It's often the case that I want to use regex to pull parts of strings in a chr column into their own columns. It's similar to separate
but more general. I can get it to work but I find it awkward and I wonder if there's a better way?
df <- tribble(
~filename,
"2008_some_name_author1.xlsx",
"2008_some_name_author2.xlsx",
"2008_some_name_author3.xlsx"
)
pattern <- "(\\d+).*_([^_]*).xlsx"
df %>%
pull(filename) %>%
str_match(pattern)
df %>%
# this is ugly: mutate(author = filename %>% str_match(pattern)[,2])
mutate(year = filename %>% str_match(pattern) %>% as.tibble %>% pull(2),
author = filename %>% str_match(pattern) %>% as.tibble %>% pull(3))

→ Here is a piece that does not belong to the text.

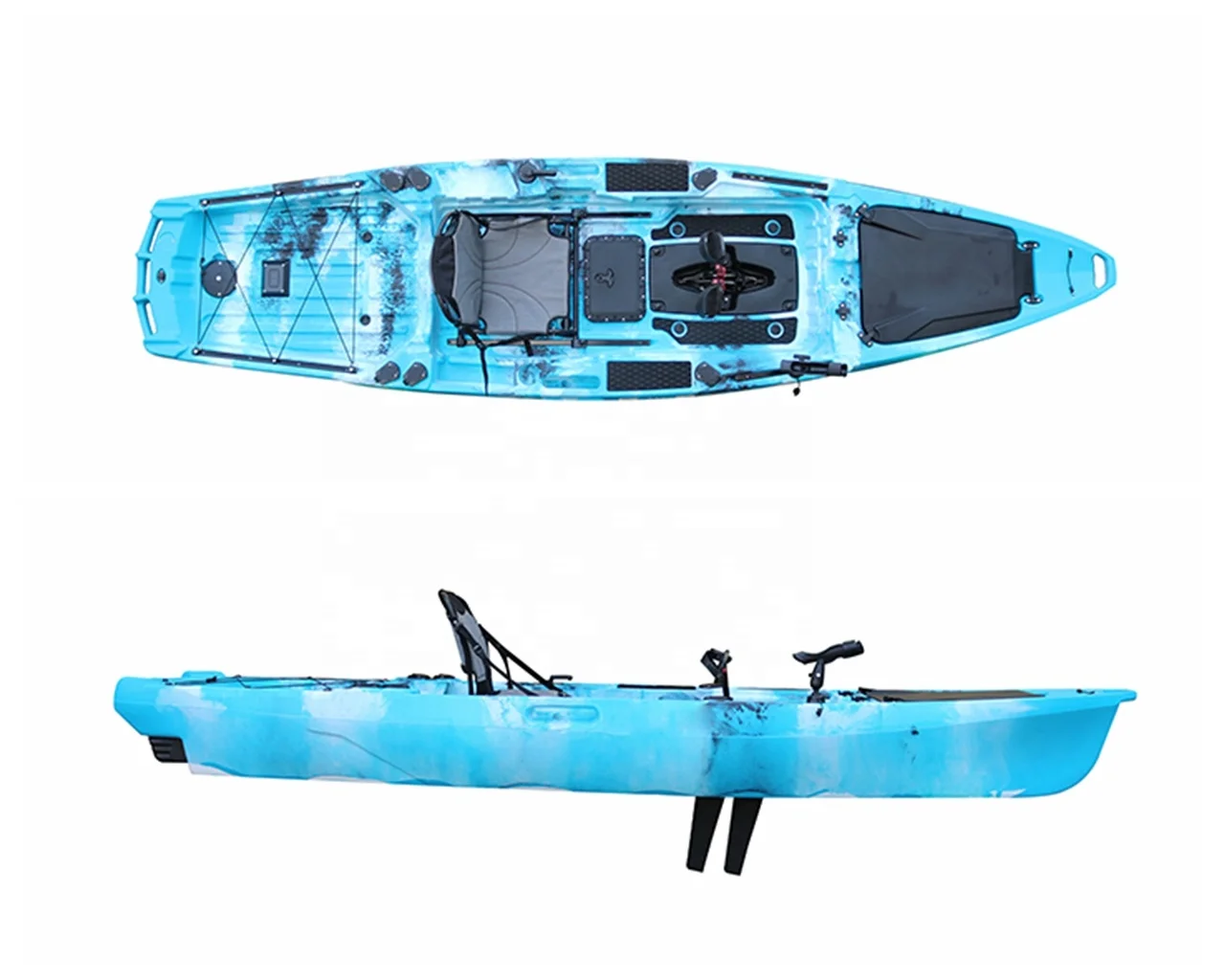 2022 New design 1-person fishing kayak 13 feet with pedal drive system and kayak accessories Custom HARMAN 3-year canoe paddle
2022 New design 1-person fishing kayak 13 feet with pedal drive system and kayak accessories Custom HARMAN 3-year canoe paddle
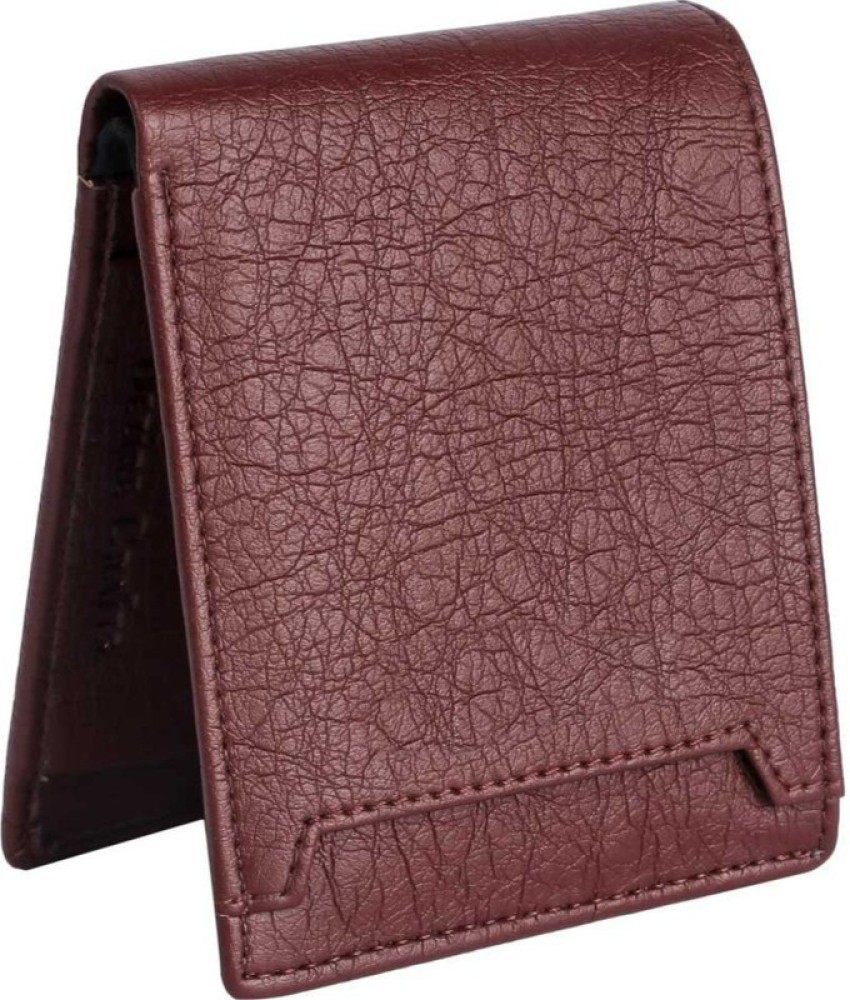 USL Men Brown Genuine Leather Wallet Brown Price in India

# really want something like:
# regex_separate(filename, into = c("year", "author"), pattern)
I've looked over the str_match documentation fairly closely but I haven't seen a usage example like this one. A couple of things:
- Why str_match and not str_extract (hey, I think of this as "extracting bits of the string"?)
- Is getting the nth column of the matrix the way to use
str_match
in this context? If so anything better than the two options above ([,2]
and%>% as.tibble %>% pull(2)
)? - Any way to do "both at once" as the above code runs the regex twice.
- Anyone think something like
separate
would be useful, using paren capturing rather than splitting? I love that separate is explicit but avoids 'magic numbers' etc. Something like:
df %>%
regex_separate(filename, into = c("year", "author"), pattern)
Or am I going about this entirely the wrong way?